Nun konnten wir uns endlich auf wirkliche Entdeckungsreisen in Madang begeben. Für Michael und mich war es ein Wiedererobern von vergessen Geglaubtem, für Amos ein Eintauchen in seine früheste Kindheit, auf Janna stürmte eine Flut neuer Eindrücke ein. Ich glaube, kein Kind hat je zuvor eine Sprache so mühelos und schnell erlernt wie Janna Tok Pisin. Auf dem Markt hörte sie Michael und mir aufmerksam zu, wenn wir einkauften, sie sog die unbekannte Sprache förmlich auf.
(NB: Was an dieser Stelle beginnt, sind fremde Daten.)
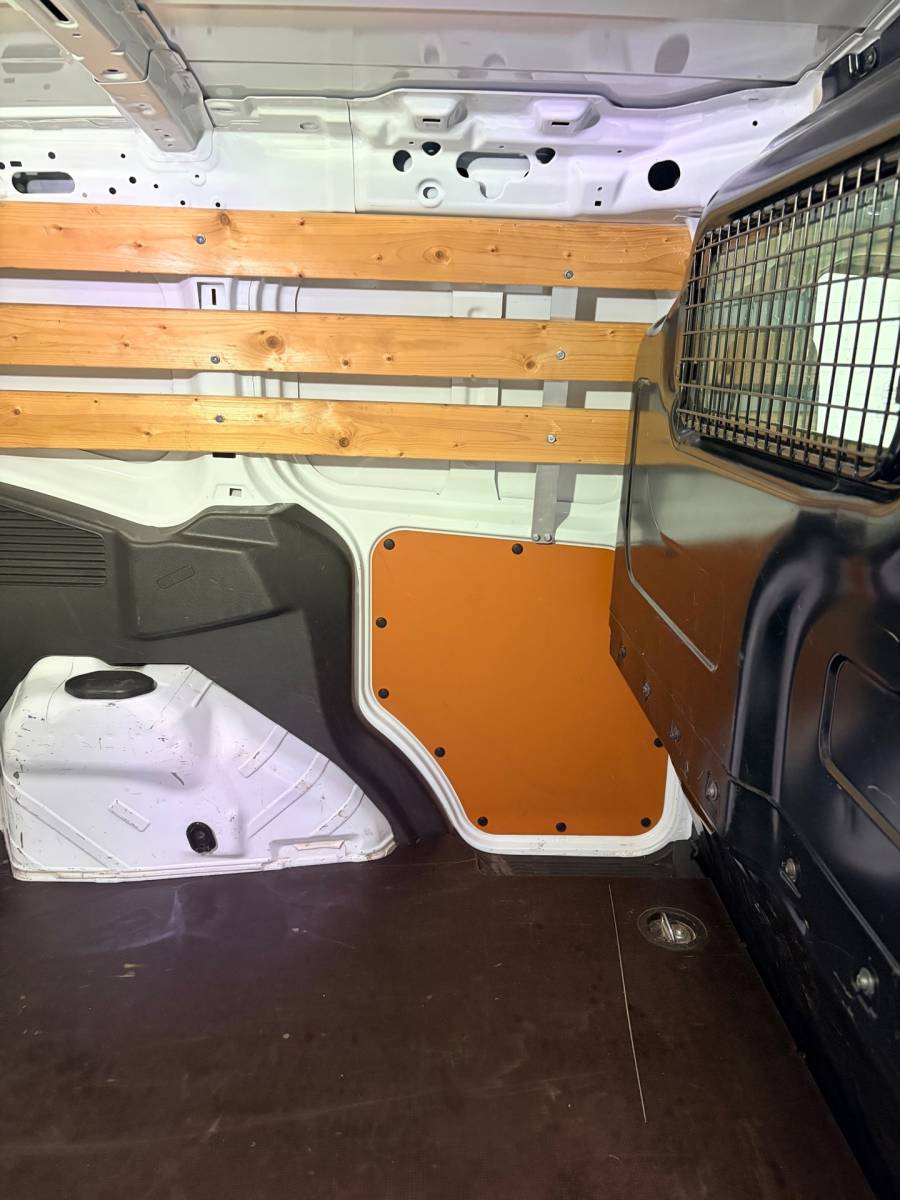 Ford Transit Courier Ford Transit Courier 1.5 TDCI Trend, Airco, CruiseControl, Stoel verwarming Schuifdeur 1ste eigenaar Nederlandse bus RIJKLAARPRIJS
Für Amos lief ein gänzlich anderer Prozess ab: er entdeckte verschüttetes Wissen, einschließlich Tok Pisin wieder über Gerüche und den Geschmack von Früchten und Gemüse. In kürzester Zeit wurde aus unserem, in einem deutschen Gymnasium unglücklichen, verschlossenen Jungen ein aufgeblühtes, redefreudiges Kind. „Schau dir diese beiden Kinder an“, sagte ich zu Michael einmal beglückt auf dem Markt, „mit unserer Rückkehr in dieses Land haben wir genau den richtigen Entschluss getroffen“. Wir machten die Kinder auf die fliegenden Hunde aufmerksam, die tagsüber an den Araukarien, Bäumen mit langen Nadeln, rings um den Marktplatz zu Hunderten hingen. Manchmal fühlten sich die Tiere aufgescheucht, so dass sie, helle Schreie von sich gebend, wie große schwarze Wolken über dem Markt flatterten, um sich dann wieder kopfunter in den Bäumen einzuhängen.